HIV drug can prevent complications after stem-cell transplant
A drug used in the treatment of human immunodeficiency virus (HIV) helped lower the risk of graft-versus-host disease (GvHD) in persons with blood cancer who underwent allogeneic hematopoietic stem-cell transplantation (HSCT) to rebuild bone marrow.
Maraviroc, which was approved for HIV treatment in 2007, inhibits the chemokine receptor CCR5. Chemokines direct immune cells to specific organs, and the current research indicates that maraviroc can redirect immune cells away from sensitive organs—namely, the liver and the gut—thus preventing the deadly complication of GvHD after stem-cell transplantation.

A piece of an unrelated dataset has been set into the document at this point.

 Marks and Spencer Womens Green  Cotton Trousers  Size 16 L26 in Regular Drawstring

GvHD occurs when the newly transplanted immune cells attack healthy tissue they perceive as foreign. Patients receive immunosuppressive drugs posttransplant, but these agents can leave the already weakened immune system even more vulnerable to life-threatening infections and cancer recurrence.
Treatment with maraviroc “is a novel way for us to try to decrease treatment-related complications among bone-marrow transplant patients without also reducing their new immune system's ability to attack their cancer,” explained the study's lead author, Ron Reshef, MD, in a statement issued by the University of Pennsylvania School of Medicine in Philadelphia. Reshef, a professor of hematology-oncology at the school, is also a member of the Hematologic Malignancies Research Program at Penn's Abramson Cancer Center. His group's findings appear in The New England Journal of Medicine (2012;367:135-145).

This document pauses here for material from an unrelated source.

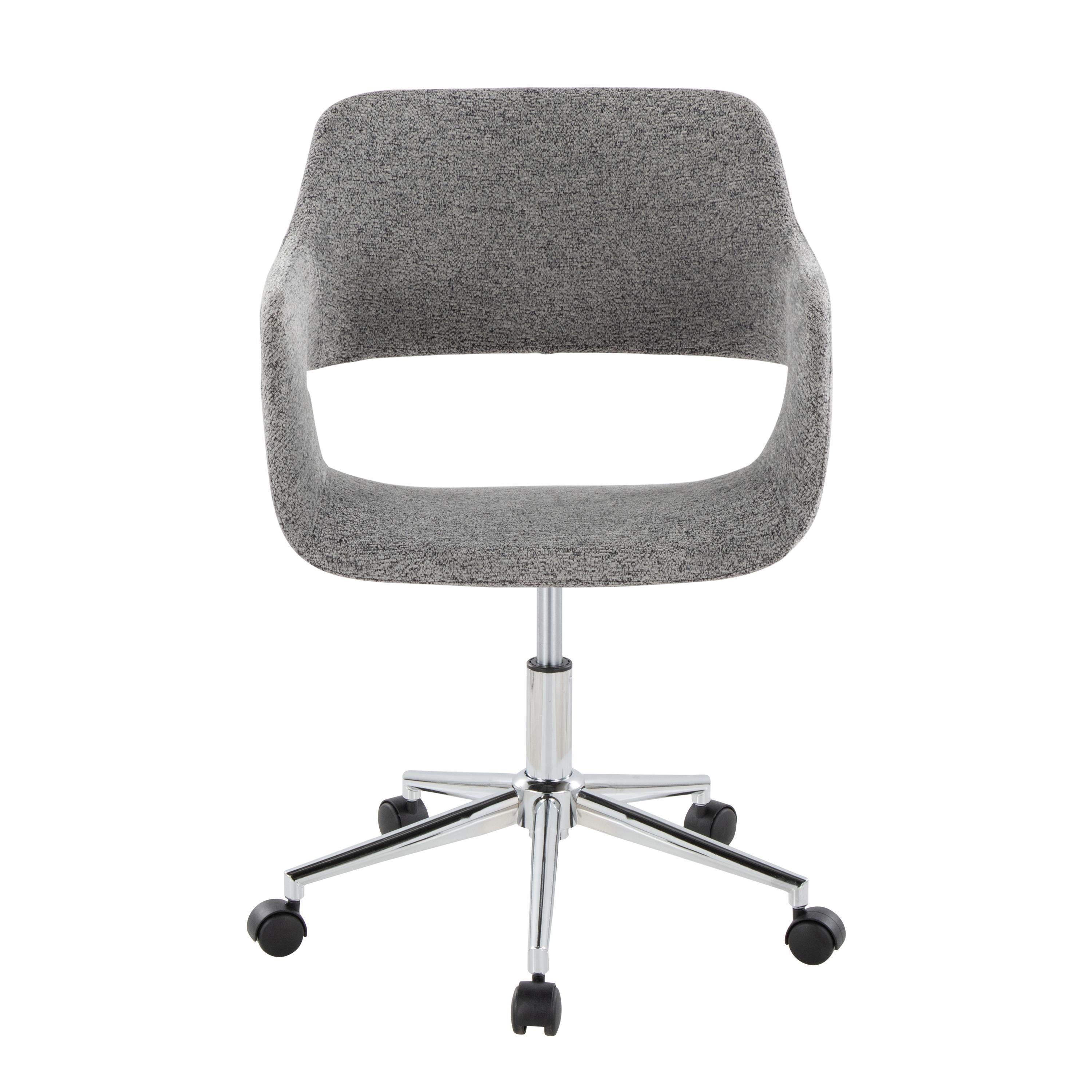 Contemporary Task Chair in Chrome Metal and Grey Fabric | Premium Home Decor - Grand Goldman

Reshef and colleagues evaluated 35 high-risk HSCT patients with acute myeloid leukemia (AML), myelodysplastic syndrome, lymphoma, myelofibrosis, and other blood cancers. All participants received tacrolimus and methotrexate, the standard regimen for GvHD prevention. Beginning 2 days posttransplant, the patients were also put on a 33-day course of maraviroc.

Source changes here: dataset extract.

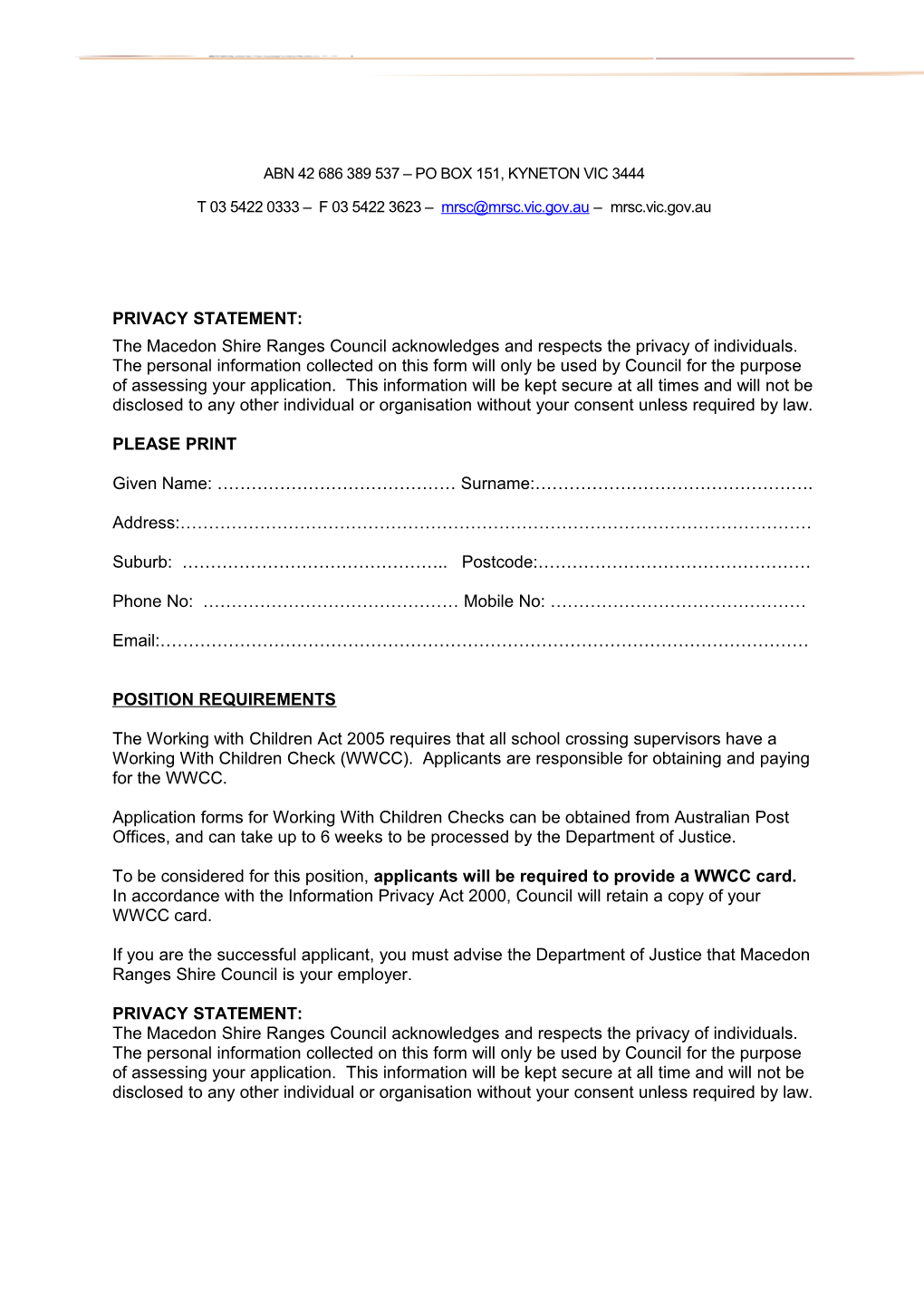 Key Selection Criteria Form - Crossing Supervisor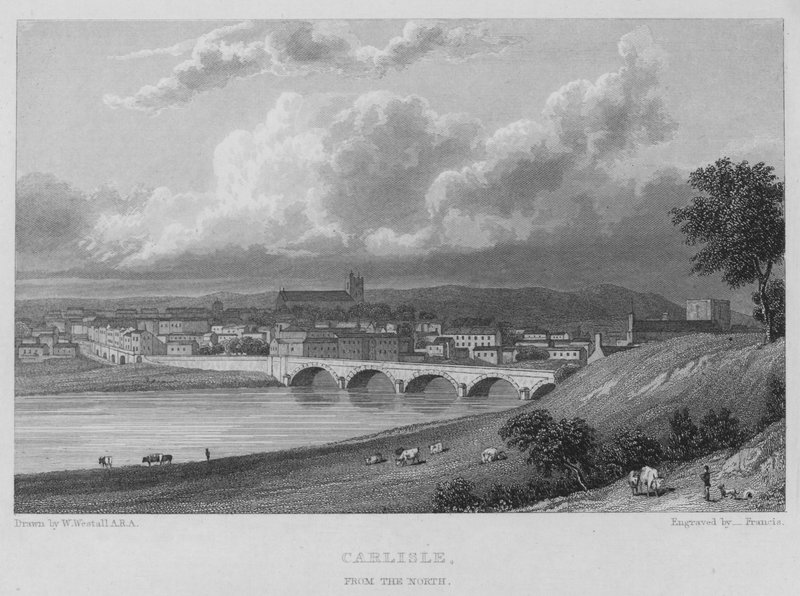 Carlisle, fra nord (gravering) av William (after) Westall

No cases of GvHD in the gut or liver, the most severe forms of the illness, developed in the first 100 days after transplant, and the cumulative incidence was still low by day 180 (5.9±4.1%). At the 6-month mark, only 6% of the patients had severe GvHD, compared with 22% of similar patients who received standard immunosuppressive therapy without maraviroc. At that time point, liver and gut involvement were seen in 15% of the patients with GvHD who had taken maraviroc, compared with 27% in the patients who had not received this medication.
One year after HSCT, cumulative incidence of GvHD was nearly double in the non-maraviroc group (29%) compared with the maraviroc group (15%).